◆ Instructions for the task: Lower down are entries containing pictures. Copy exactly, without those pictures, the lines from the line with "Grau Neu 2025" through the line with "EUA elevam para".

◆ Material provided:
Start of Block

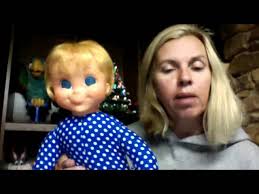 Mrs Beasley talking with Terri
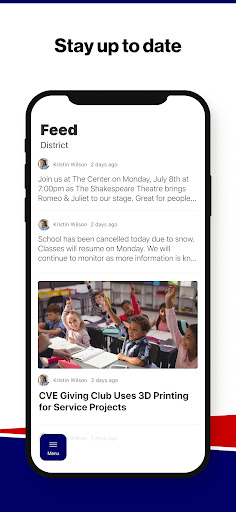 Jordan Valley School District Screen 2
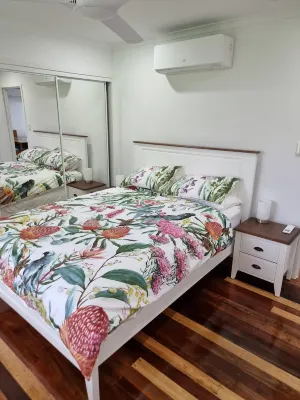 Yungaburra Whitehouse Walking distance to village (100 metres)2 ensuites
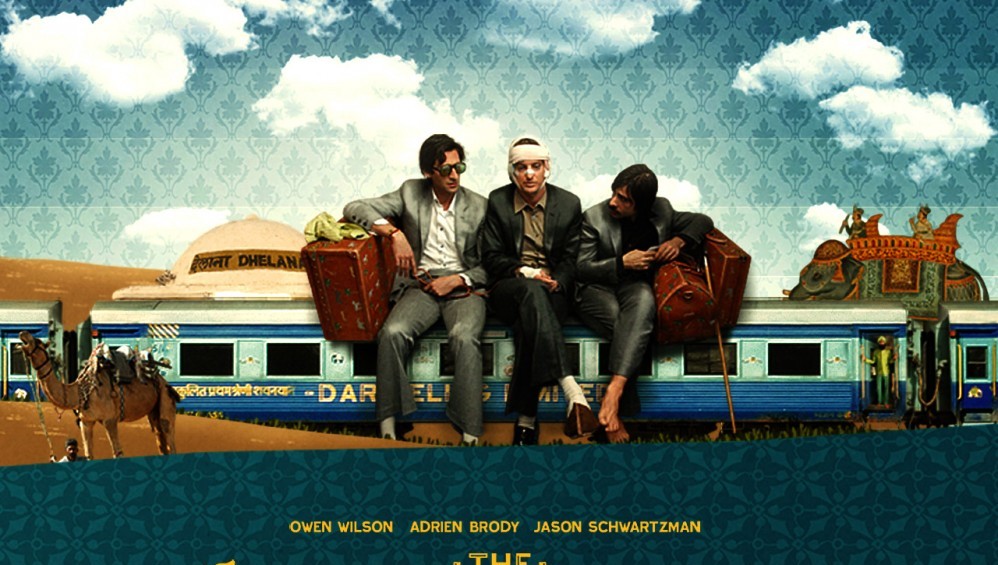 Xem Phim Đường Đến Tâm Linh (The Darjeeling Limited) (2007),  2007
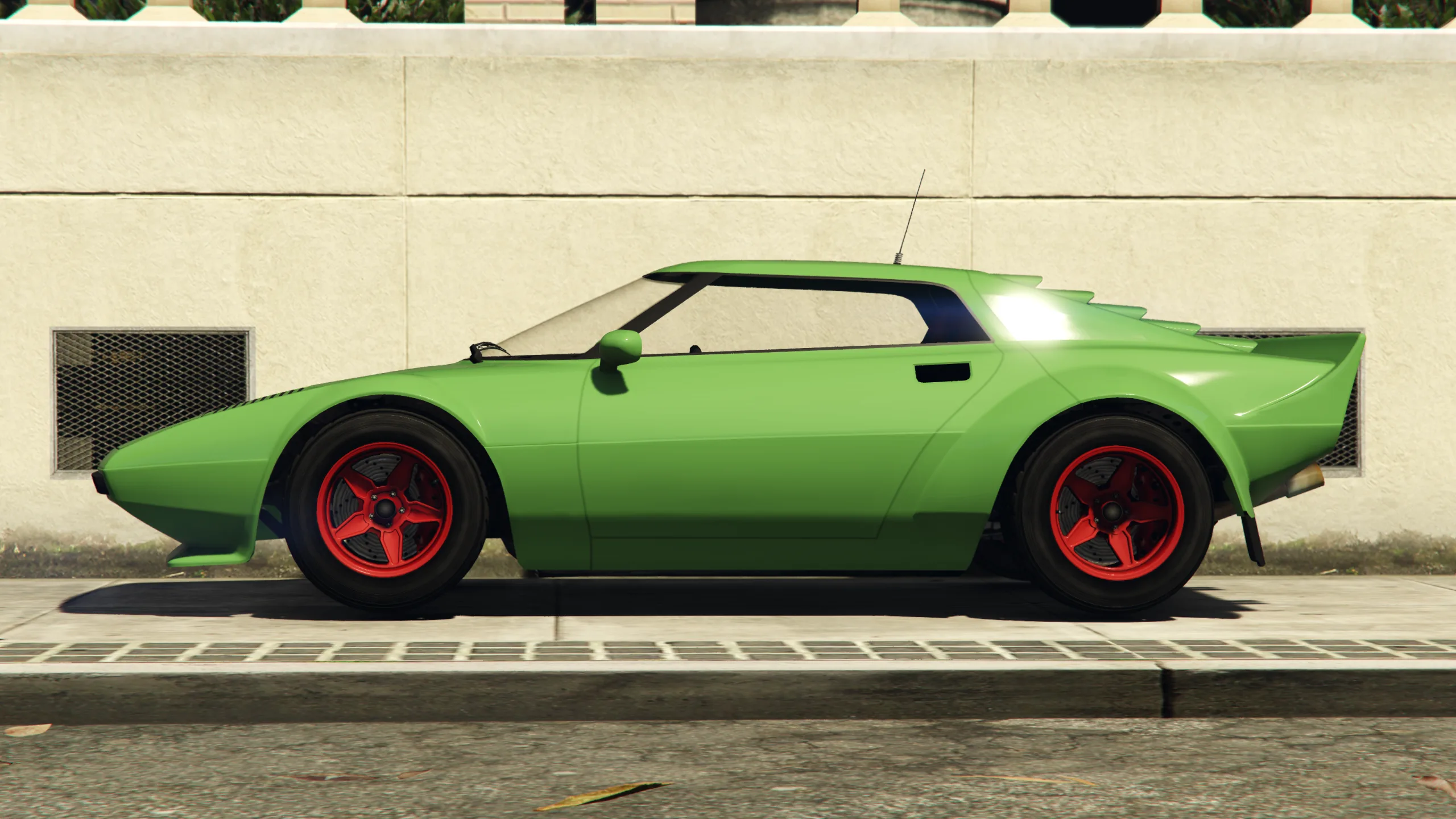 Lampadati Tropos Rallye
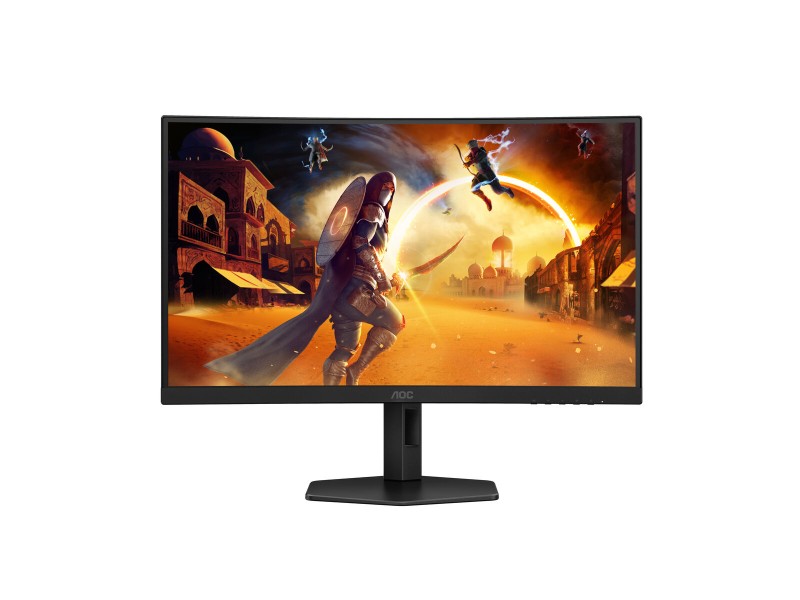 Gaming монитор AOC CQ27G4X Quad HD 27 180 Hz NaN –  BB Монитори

End of Block
Start of Block

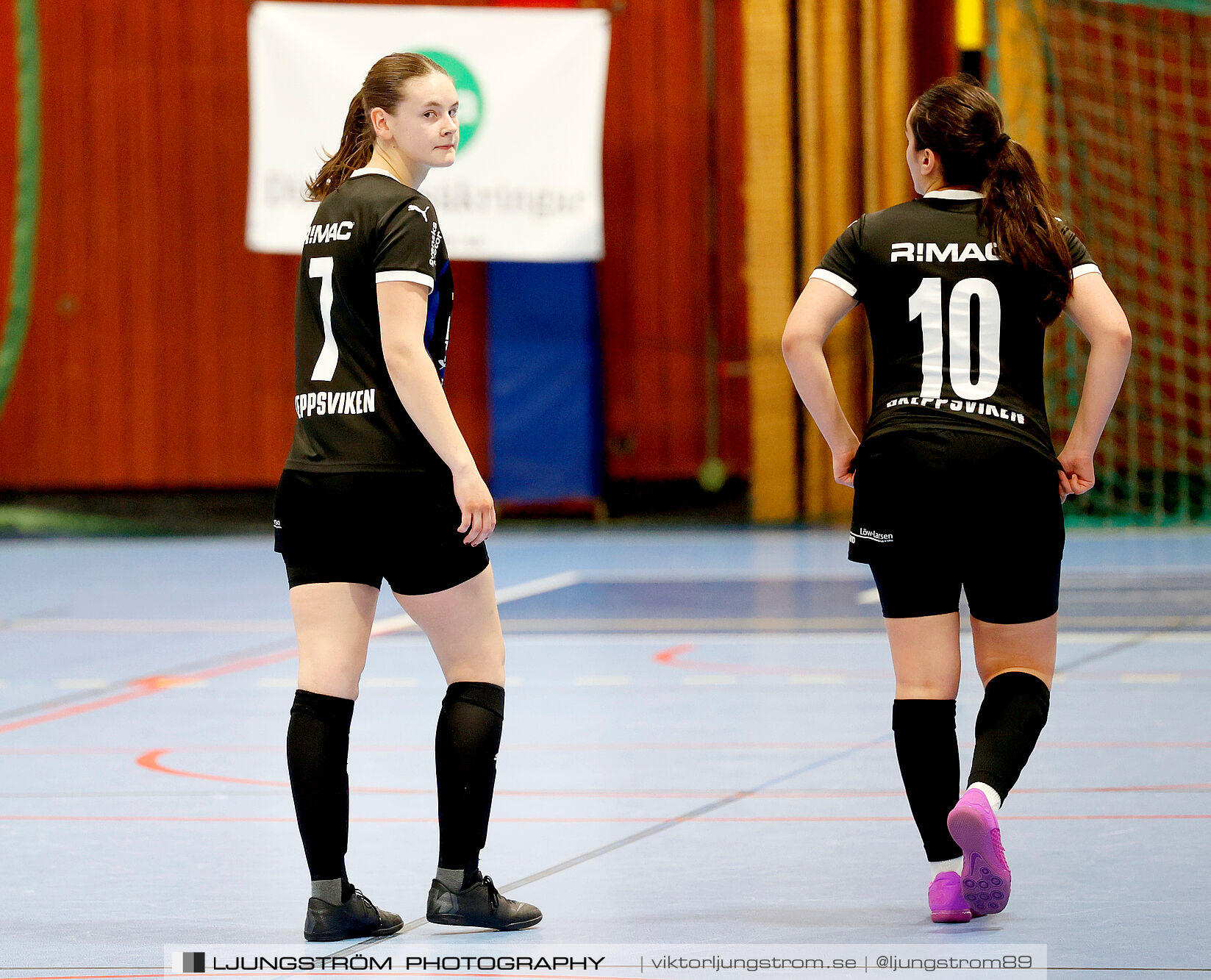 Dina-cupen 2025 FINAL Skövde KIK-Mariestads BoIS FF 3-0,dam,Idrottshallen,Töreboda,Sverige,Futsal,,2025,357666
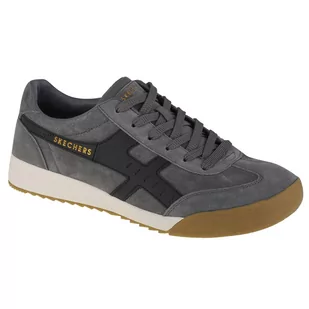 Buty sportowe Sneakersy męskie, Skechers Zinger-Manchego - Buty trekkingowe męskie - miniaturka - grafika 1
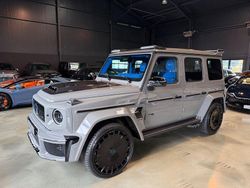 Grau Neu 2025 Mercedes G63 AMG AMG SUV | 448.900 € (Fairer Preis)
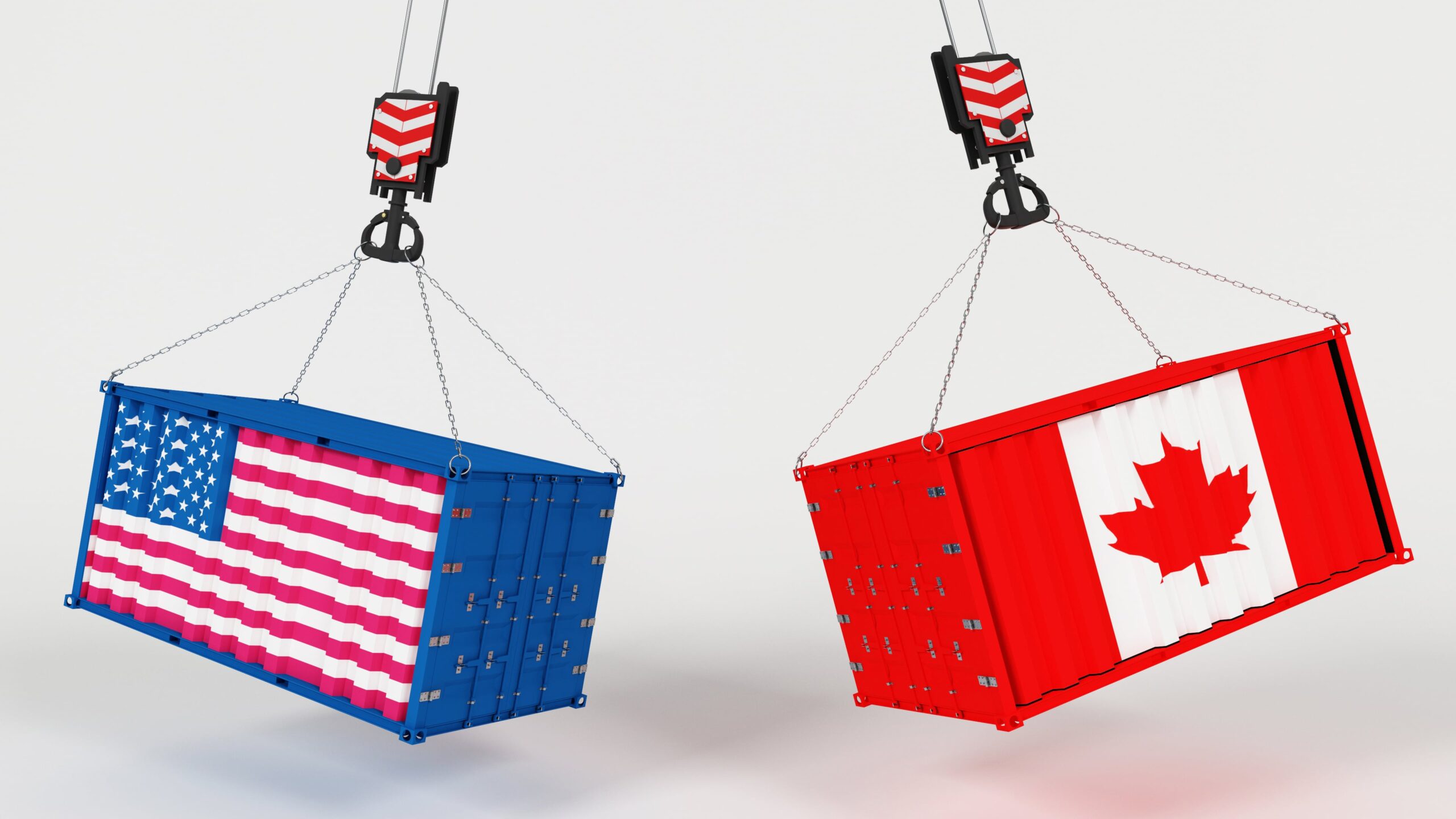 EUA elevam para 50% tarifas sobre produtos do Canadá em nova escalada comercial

End of Block
Start of Block

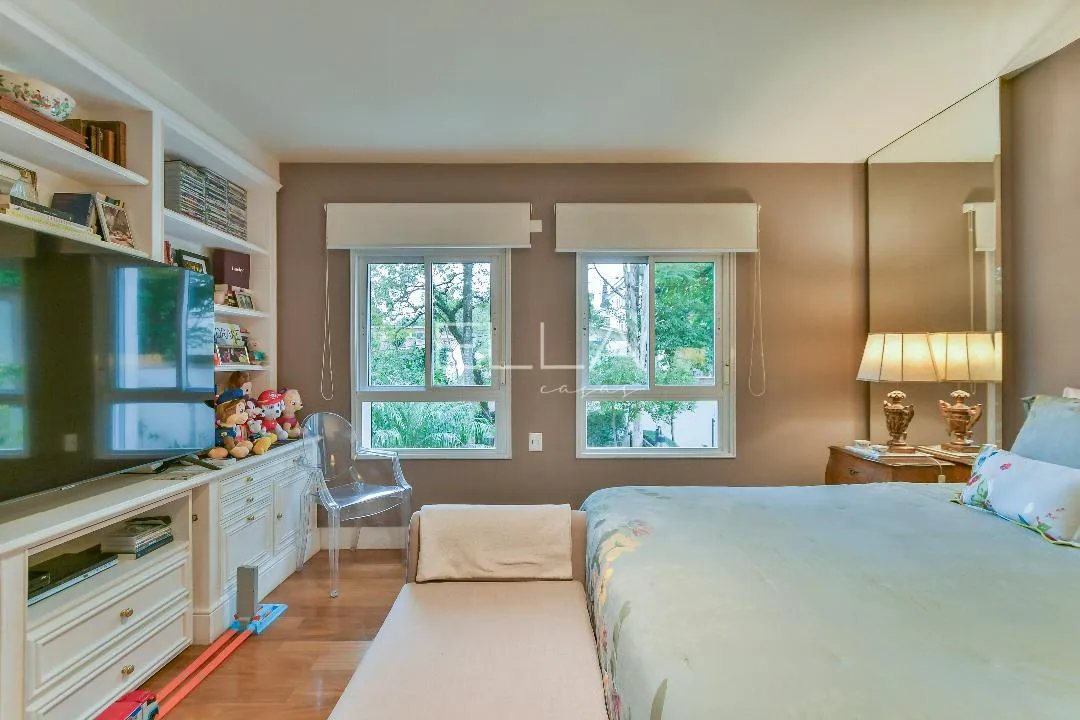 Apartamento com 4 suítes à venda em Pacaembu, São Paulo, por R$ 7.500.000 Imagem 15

End of Block

◆ Exercise response:
 Grau Neu 2025 Mercedes G63 AMG AMG SUV | 448.900 € (Fairer Preis)
 EUA elevam para 50% tarifas sobre produtos do Canadá em nova escalada comercial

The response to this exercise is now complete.